My problem with PE was not that I didn't need to keep fit – I did, and we all do. But it strikes me that PE is the one discipline which takes absolutely no steps whatsoever to try to be accessible to those who find it difficult. Bad at maths? Try these basic formulae. Can't manage your French homework? Let's simplify things a bit. Can't catch, run, throw or jump? Stand in that corner and some bone-headed "teacher" will encourage the strong kids, the ones with muscles, swishy ponytails and no futures, to laugh at you.
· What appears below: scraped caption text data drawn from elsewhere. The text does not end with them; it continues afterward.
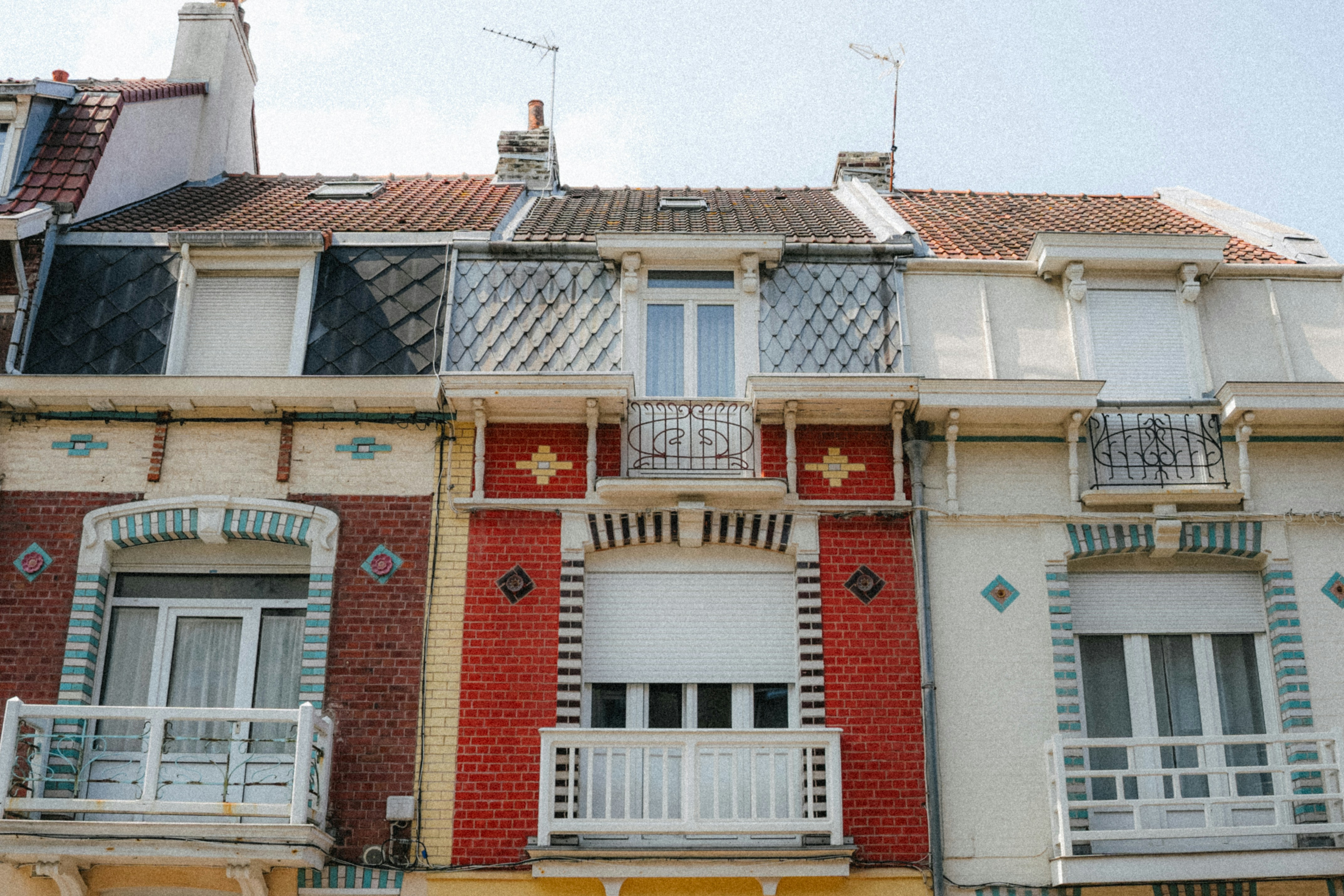 ¿Quién debe pagar por los toldos en un alquiler? Claves para inquilinos y propietarios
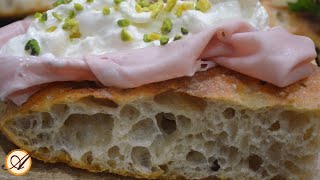 Focaccia bianca con 1 g di lievito e farina macinata a pietra [upl. by Enneira]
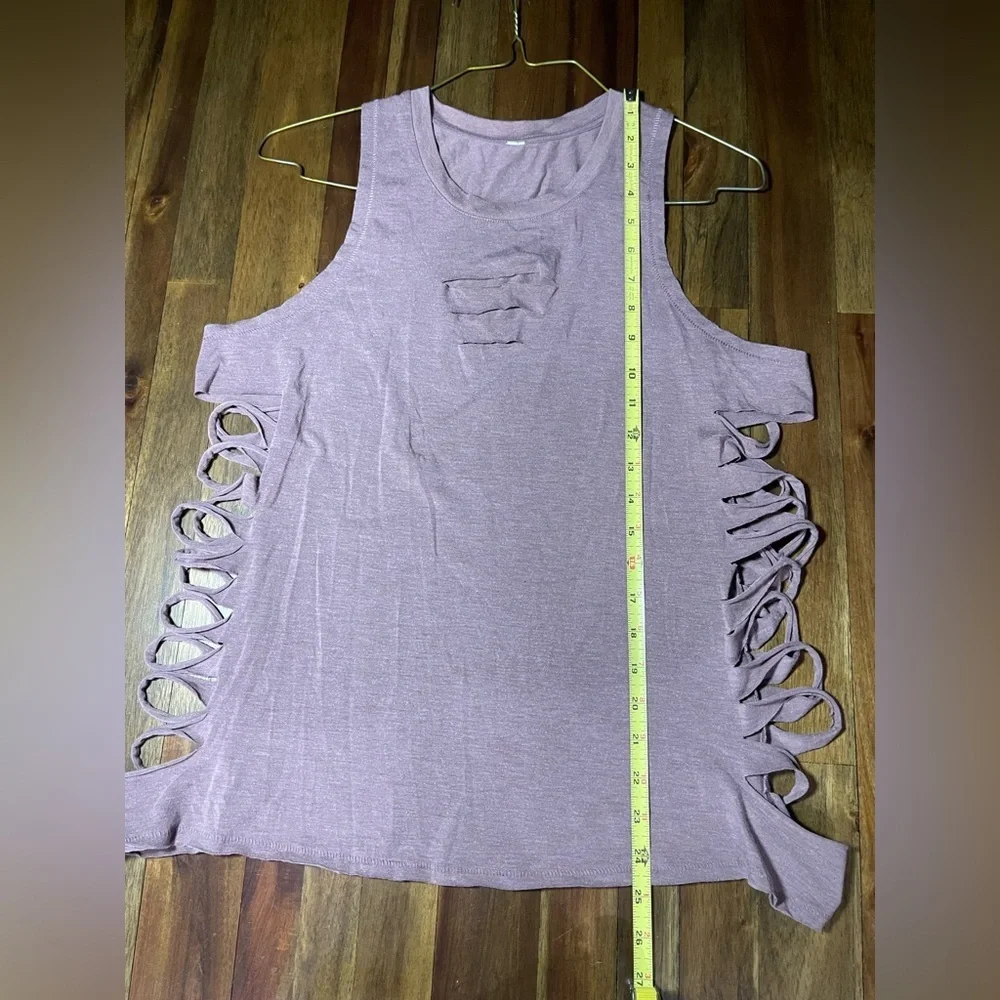 ALO Yoga cut it out Mauve Sleeveless Top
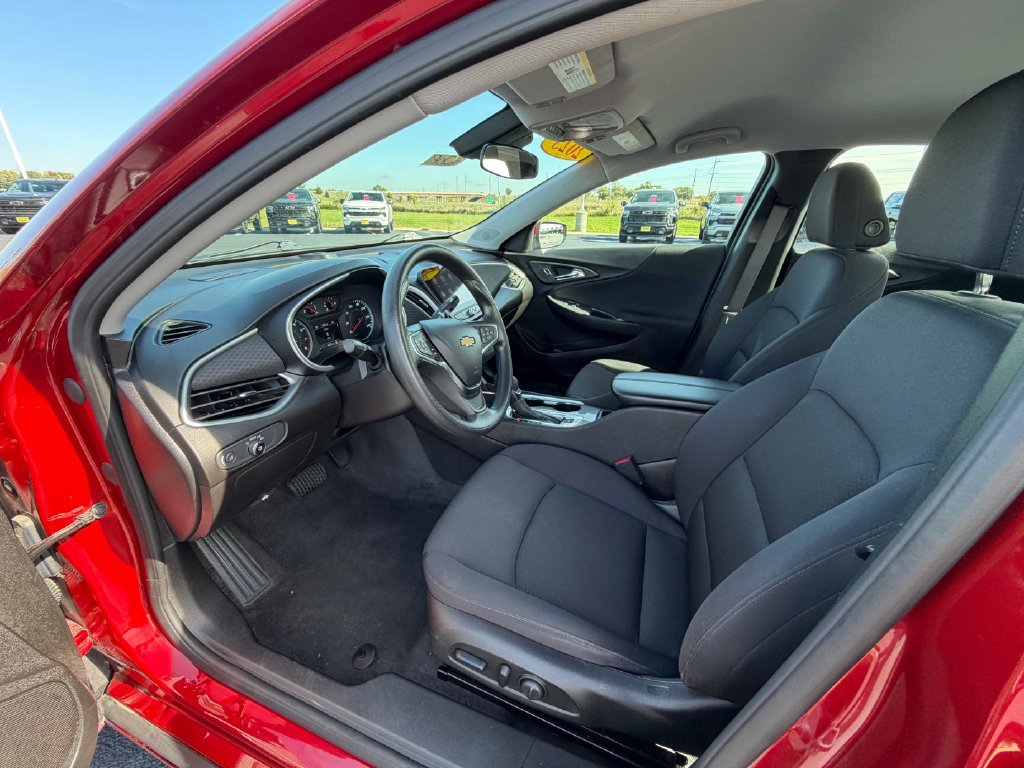 Used 2025 Chevrolet Malibu LT FWD image 17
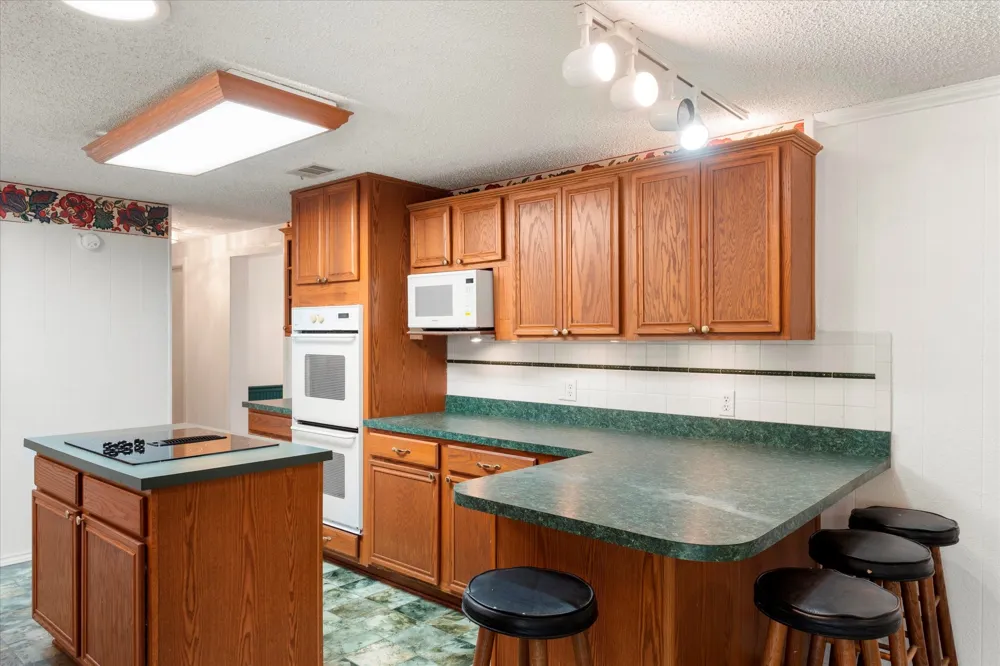 602 Legendary Lane Gun Barrel City, TX 75156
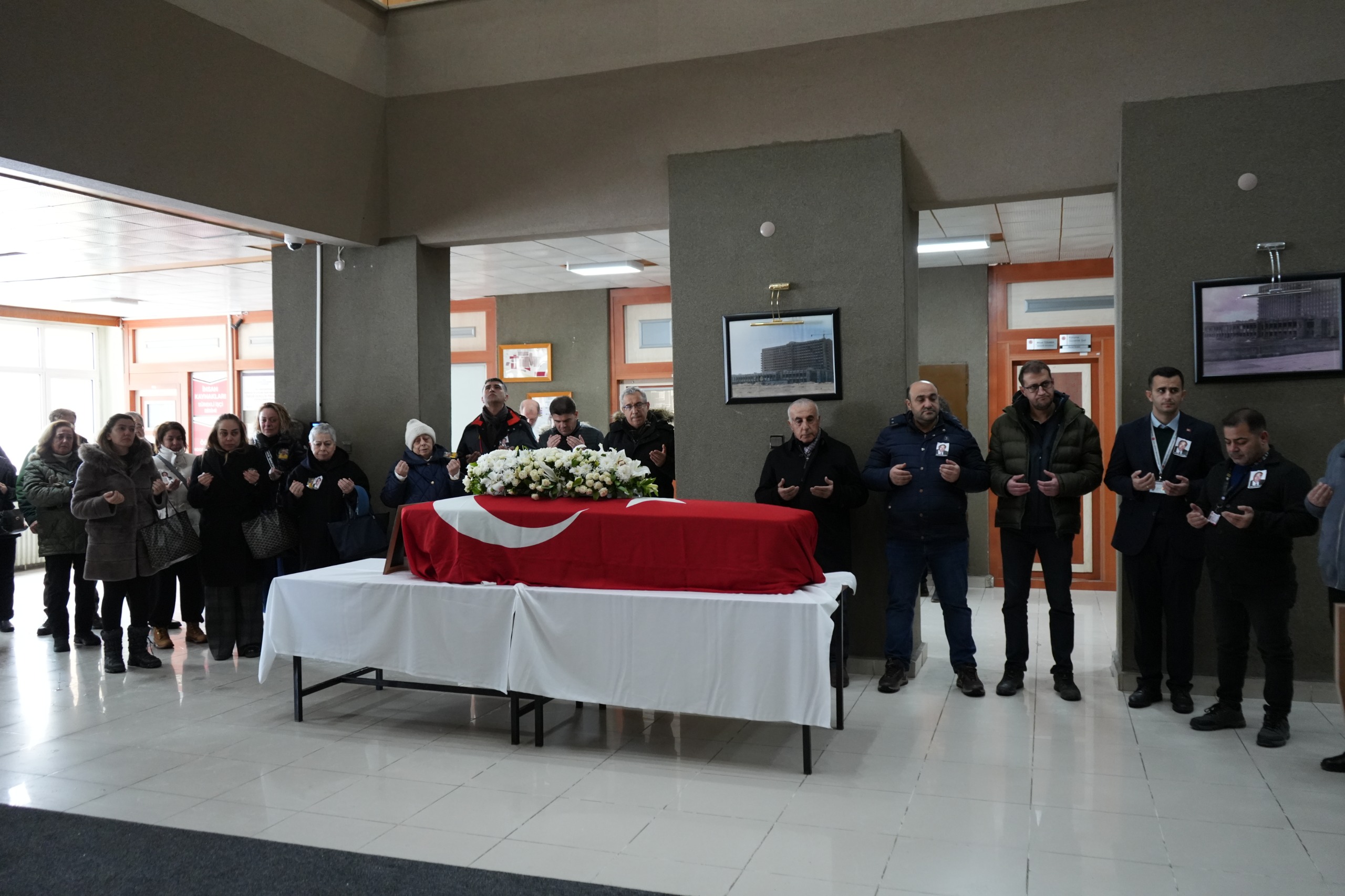 Cumhuriyet Üniversitesinde Prof. Dr. Ahmet Oktay Işık İçin Cenaze Töreni Düzenlendi sivasgazetehaber radyobora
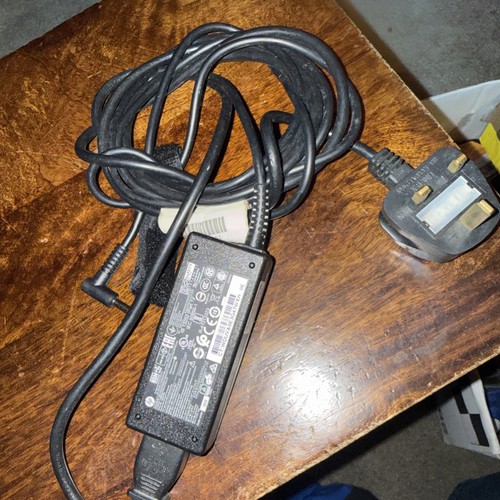 Original HP Laptop Netzteil Ladegerät R-41013323 13252 IBC 60950-1 19,5V 45W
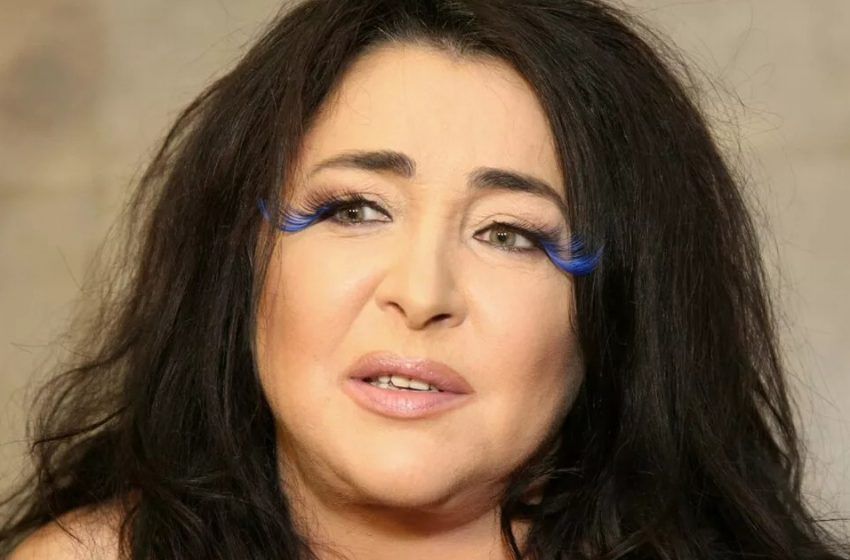  «Опять все наружу»: 60-летняя Лолита показала фанатам стройную фигурку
It takes a special sort of sadist to teach PE. Being a small-town tyrant seems to come with the territory. We all know the sort of crass, deep-voiced, illiterate provincial idiot who could make your life hell. The sort who would make you play netball on a sprained ankle, who would stand there in the January fogs wearing a coat, hat and scarf and scream at you as you dared to shiver in your gymslip. And that's before you consider those members of the PE department who lingered that bit too long in the changing room, or burst in accidentally as girls disrobed, or corrected racket technique by brushing against fledgling busts.
The problem with PE is easily solved however. As we learned from The Apprentice, the fitness industry is a massive machine, constantly evolving and reinventing itself. There are thousands of options for those who want to keep fit and schools should take note.
Who wants to play rugby in freezing mud? Who gives a toss about learning how to bat in cricket? These are hobbies, not life skills. From aerobics to zumba, trampolining to tap dance, if school sports departments offered a bit more flexibility – and ditched the psychopaths – they might find their young charges rather more responsive.